The development will be a main access point in and out of the Amazon warehouse under development at Jacksonville Executive at Craig Airport at Atlantic Boulevard and St. Johns Bluff Road.
The Council is scheduled to hear the bill, Ordinance 2024-0153, at its April 9 meeting.
The 80-acre site was rezoned as a Planned Unit Development in 2022 so the 181,000-square-foot warehouse could be built. The legislation, introduced Feb. 27, rezones the property as a PUD, but makes necessary changes to allow for Blue Angel Road to be developed.
The new access point will provide one east-bound left-turn lane into the Duval Acura property, one west-bound deceleration and U-turn lane within the Atlantic Boulevard median for travel back to the east, the installation of two additional traffic signals and the unchanged location of the Sutton Road-Atlantic Boulevard traffic signal serving the Duval Acura property.
Council member Mike Gay, who is not on LUZ but joined the meeting, said he has received complaints about the rezoning from constituents who are confused about its purpose.
The Greater Arlington/Beaches Citizens Planning Advisory Committee notified Council, the Land Use and Zoning Committee and the Jacksonville Planning Commission on March 20 that it voted to recommend denial of the rezoning application.
At a Council public hearing March 26, four residents opposed the rezoning, citing traffic concerns.
“I’ve received several emails and communications in opposition to this. My question to Planning or whoever can answer this is, why are we even having to come back and revisit this when in 2022 this PUD was already in place,” Gay said.
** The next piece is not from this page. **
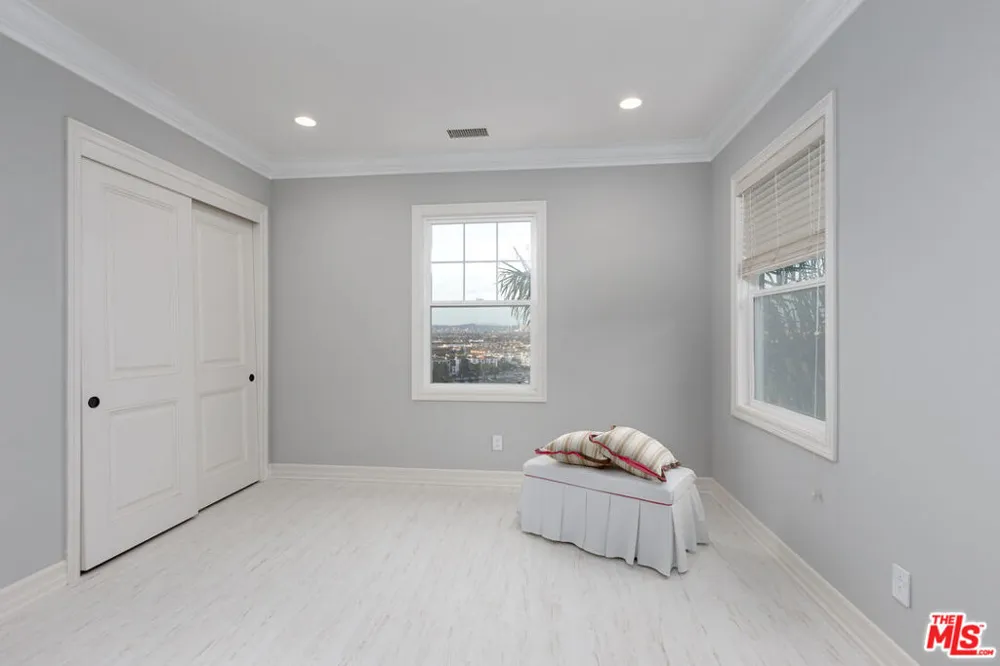 7391 Coastal View Drive Los Angeles, CA 90045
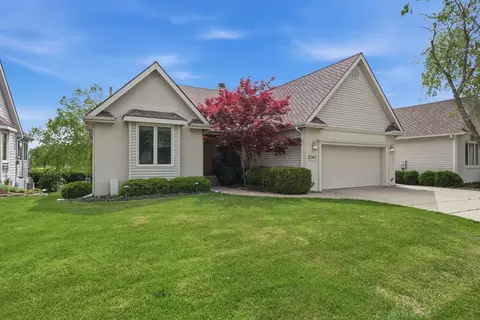 12740 E Bradford Cir, Wichita, KS 67206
“My understanding is all we’re doing is a road. It seems we’re approving the Amazon warehouse and it’s almost completed.”
Erin Abney, the city’s chief of current planning, said Blue Angel Road was originally identified as a potential secondary access point to General Doolittle Drive. Changing it to the main access point necessitated a PUD to PUD modification.
“It’s kind of a miscommunication of what’s happening here,” Gay said. “In the future we might address it a bit better.”
The Jacksonville Aviation Authority board unanimously voted to approve a ground lease agreement with Amazon Services LLC in July 2023 to build the warehouse.
JAA CEO Mark VanLoh told the JAA board March 25 it was “moving along rapidly.”
Occupancy is expected at the beginning of October.